I am afraid I don't have any of those - working in the dark here!!
X
increasing your dose of Thyroid-S from 3 to 4 grains without knowing what your TSH / fT4 / fT3 results may mean your operation is postponed again ,(if the higher dose sends TSH lower /or fT3 higher than the anaesthetist is happy with) .
God knows.
I went for a pre-op appointment last Weds at Musgrove Hospital in Taunton. I had 2 filthy infections, one UTI and a chest infection for which I was taking the dreaded Amoxillin. The nurse did extensive blood tests, which came back almost immediately. The anaethesist said my TSH was OK but T3 and T4 were out of kilter . He also said that I needed another inhaler besides the Duaklir that I already take. This means a visit to the respiritory nurse which has not yet been arranged. It is pointless trying to get these appointments over the phone. The staff there have an obsession with the word "appropriate". The only way I get any where is by writing to my GP - which I will be doing later and handing it in tomorrow. I will also ask if I can get a copy of the bloods!! The anaethitist said we are now looking at the end of Feb for the Op which does give me some time to try and sort it all out Thanks very much for your concern.
I am finally feeling a bit better now - never going away for Christmas again!!****
Sheena X
, yes i got given flu ( or something godawful) for christmas too .. so much for the benefits of making the effort to be sociable ....won't make the mistake of doing that again. Glad you're starting to feel a bit better now , me too ,but still coughing up gunk
maybe they won't do another pre op if it's so close ?, but i don't know .
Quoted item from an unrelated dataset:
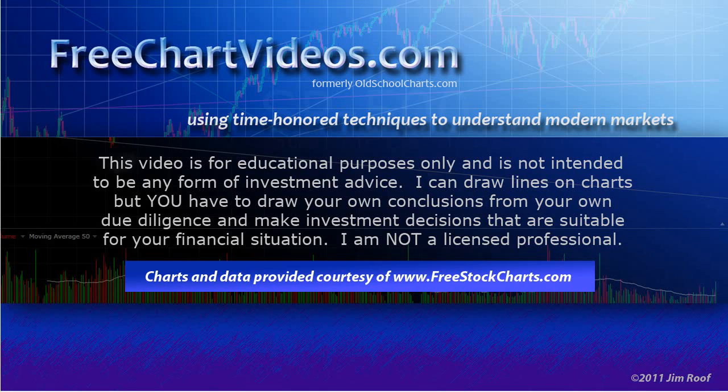Hey everybody, this is Jim at FreeChartVideos.com. I'm using time-honored techniques to understand modern markets. This video is for educational purposes only, and it is not intended to be used as any form of investment advice.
Yes this is a ‘biggie’ not helped at all because of the (dare I say) unseemly speed with which this can all come about, without proper consultations taking place/proper circumstances being recorded - and patient being properly informed, I have found.
Lots of mistakes/unimportances to doctors ending up with incomplete notes and incomplete planning for procedures.
I would say, you at least need to ensure everything has been recorded and definitely make yourself aware of your blood test results. As previously mentioned, anaesthetists often have more knowledge of thyroid conditions than other doctors or surgeons. However you can’t totally rely on even that.
You are right to wonder if “all your ducks are in a row”. You will have more confidence in your procedure if you feel they are.